Totally agree with the error format spec you’ve outlined, though I dont know if its the grumpy old man in me, or been in QA too long, but the apology part irritates me! Accepting fault is good enough. I think the problem with an apology is that if errors pop-up too regularly, the user will get irritated by constant apologies, aggravating an already irritating situation of getting errors. It’s akin to the irritation upon hearing “we apologise …” on the london underground every day, in endless loop. If you hear apologies too much, you believe the sincerity less. Maybe that was digressing and analysing a little too much 🙂
Hey Paul, thanks for commenting. Really interesting to read your view as to why the quality of error messages can be so poor.

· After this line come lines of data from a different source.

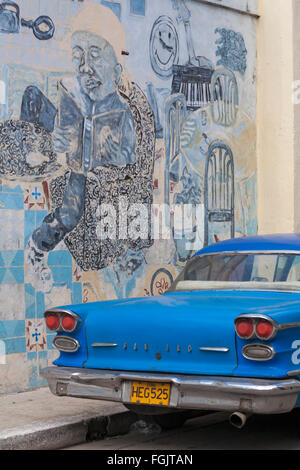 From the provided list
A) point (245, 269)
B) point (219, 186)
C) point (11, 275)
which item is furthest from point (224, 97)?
point (245, 269)

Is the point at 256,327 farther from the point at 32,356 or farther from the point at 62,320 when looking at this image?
the point at 32,356

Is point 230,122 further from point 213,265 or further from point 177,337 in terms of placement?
point 177,337

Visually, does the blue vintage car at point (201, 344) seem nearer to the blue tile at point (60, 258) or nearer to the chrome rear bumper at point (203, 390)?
the chrome rear bumper at point (203, 390)

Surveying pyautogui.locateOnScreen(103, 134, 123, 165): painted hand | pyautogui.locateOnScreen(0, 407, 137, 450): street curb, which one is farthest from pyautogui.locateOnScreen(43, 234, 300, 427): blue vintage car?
pyautogui.locateOnScreen(103, 134, 123, 165): painted hand

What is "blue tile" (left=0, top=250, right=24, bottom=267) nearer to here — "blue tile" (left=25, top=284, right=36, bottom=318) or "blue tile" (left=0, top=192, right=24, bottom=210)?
"blue tile" (left=25, top=284, right=36, bottom=318)

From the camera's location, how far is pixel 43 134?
7.95 m

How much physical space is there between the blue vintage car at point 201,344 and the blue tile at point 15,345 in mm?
1885

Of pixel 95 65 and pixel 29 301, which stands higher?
pixel 95 65

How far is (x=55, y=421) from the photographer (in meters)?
5.90

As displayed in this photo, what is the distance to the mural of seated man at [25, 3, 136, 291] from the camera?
26.1 feet

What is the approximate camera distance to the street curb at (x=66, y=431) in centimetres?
549

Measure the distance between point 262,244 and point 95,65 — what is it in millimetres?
3390

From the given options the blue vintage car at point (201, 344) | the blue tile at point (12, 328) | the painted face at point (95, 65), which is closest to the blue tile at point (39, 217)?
the blue tile at point (12, 328)

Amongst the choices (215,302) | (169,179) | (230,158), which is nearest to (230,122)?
(230,158) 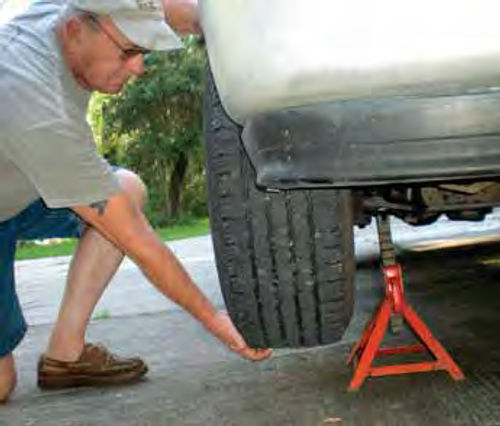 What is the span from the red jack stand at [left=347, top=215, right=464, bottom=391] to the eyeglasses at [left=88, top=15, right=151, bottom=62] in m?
0.76

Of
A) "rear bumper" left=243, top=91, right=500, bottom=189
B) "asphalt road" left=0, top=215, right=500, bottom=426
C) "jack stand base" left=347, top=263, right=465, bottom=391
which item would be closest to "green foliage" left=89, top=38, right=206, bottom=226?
"asphalt road" left=0, top=215, right=500, bottom=426

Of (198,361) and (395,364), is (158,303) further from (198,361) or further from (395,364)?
(395,364)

You know I do agree with you on the apology part. I did wonder whether or not to include it because to me it would sound odd to say something like ‘we’re sorry…’ but with careful wording you probably can concoct something that works and like you say, so long as you don’t go OTT. I think what’s more important is that the user doesn’t feel like it’s their fault, that they did something wrong. You find this in user tests a lot – they always blame themselves and many even apologise. That’s why I think keeping things fairly light-hearted can work and I think we can learn a lot from the great 404 pages around these days. Unfortunately form errors aren’t as fun to design as 404 pages but hopefully they’ll follow a similar path.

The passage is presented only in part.